NGX Portfolio Inflows Surge 3.35% to N1.803 Trillion in April as Foreign Investors Return
The Nigerian Exchange Limited recorded total portfolio transactions of N1.803 trillion in April 2026, a 3.35% month-on-month increase from N1.744 trillion in March. The uptick signals renewed investor confidence in Nigerian equities and potential relief for the naira amid steady foreign capital inflows.
Portfolio investments flowing through the Nigerian Exchange Limited jumped 3.35% in April to reach N1.803 trillion, marking the strongest monthly performance in the opening quarter of 2026 and signalling recovering appetite for Nigerian assets among both domestic and foreign investors.
The increase from N1.744 trillion in March represents a modest but consistent recovery in capital market activity. This momentum comes as the Central Bank of Nigeria maintains its tight monetary stance, with interest rates holding above 26% and inflation gradually moderating from earlier peaks. Investors are rotating back into equities as real returns improve relative to the naira's depreciation trajectory.
Foreign portfolio investors have been particularly active, returning to Nigerian stocks after weeks of cautious positioning. Currency volatility and global rate uncertainties had deterred offshore capital throughout early 2026, but April's gains suggest a stabilisation of sentiment. Analysts attribute the renewed interest to attractive valuation levels in blue-chip stocks and yield-chasing behaviour among fund managers seeking exposure to emerging markets with high real rates.

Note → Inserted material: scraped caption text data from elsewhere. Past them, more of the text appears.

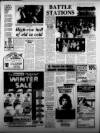 Chester Chronicle Friday 25 January 1985 Page 5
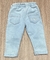 Calça jeans- Lilica na internet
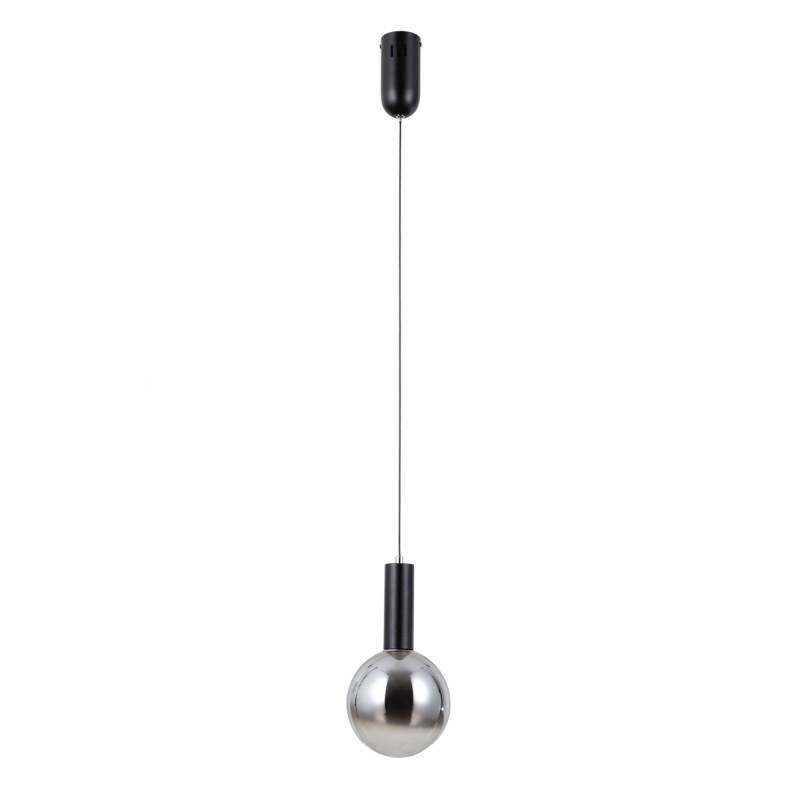 Strela PND-34378-1S-BK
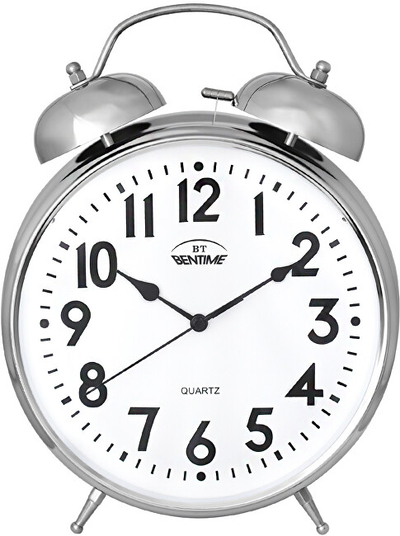 Orë me alarm Bentime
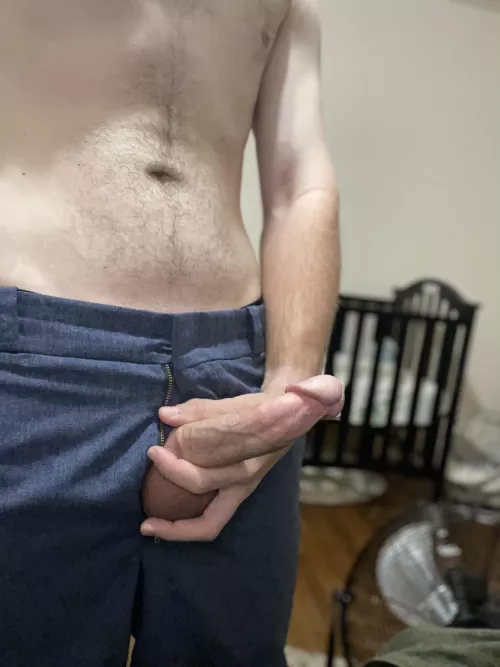 Special delivery 📦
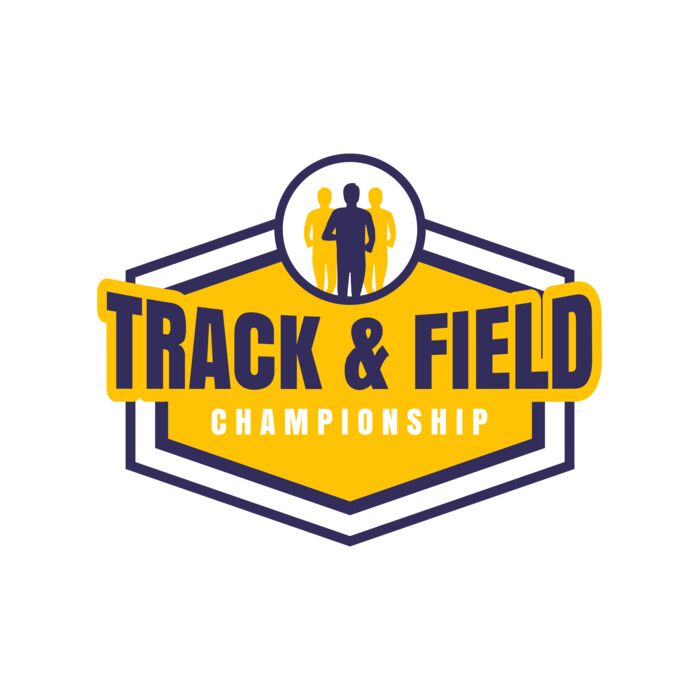 Track & Field Championship 02 Thumbnail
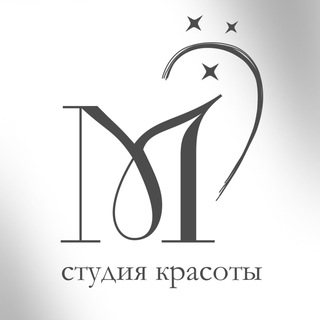 Красота от Мии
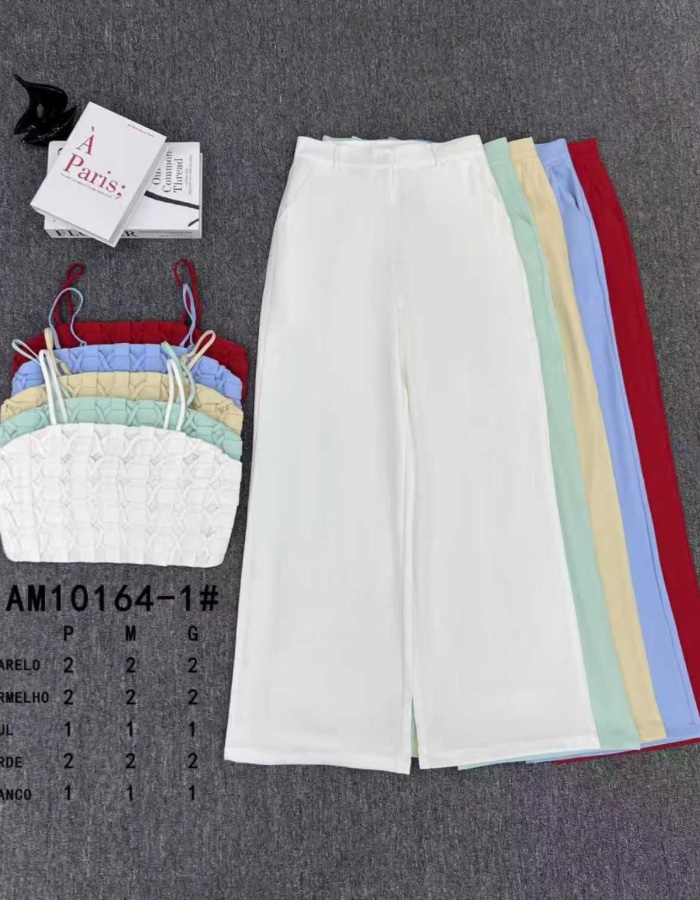Produto am10164-1 4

For Nigerian businesses, the capital inflow matters significantly. Companies listed on the exchange benefit from improved share valuations, making it cheaper to raise capital for expansion or debt refinancing. Manufacturing firms and financial services companies have seen the most activity as institutional investors rebuild positions. However, businesses operating in the real economy still face headwinds from elevated borrowing costs and currency pressures that constrain input imports.
The naira faces mixed signals from these portfolio flows. While foreign investment inflows provide demand for the local currency in the spot market, the underlying economic fundamentals remain fragile. Nigeria's current account deficit persists, and oil production continues to lag targets. Portfolio investment is volatile by nature. A sudden reversal in global sentiment could trigger rapid capital outflows, pressuring the naira lower. The Central Bank's foreign exchange reserves stand around USD33 billion, adequate but not sufficient to cushion against sustained outflows.
For everyday Nigerians, these investment flows have indirect but real consequences. Strong portfolio activity supports the naira's stability, which keeps import prices from spiking further. Food costs, electricity tariffs, and fuel prices all depend partly on exchange rate stability. If foreign investors continue repatriating earnings, the naira weakens, making everything imported more expensive at the supermarket and petrol station.
The broader context matters here. Nigeria's capital market has struggled to attract significant inflows since the 2023 currency devaluation sparked volatility and eroded investor returns. The April gain suggests that confidence is rebuilding as inflation peaks and real rates become attractive once more. If this trend continues, portfolio investments could reach N2 trillion monthly by mid-year, providing meaningful support to the naira and reducing pressure on the central bank's reserves.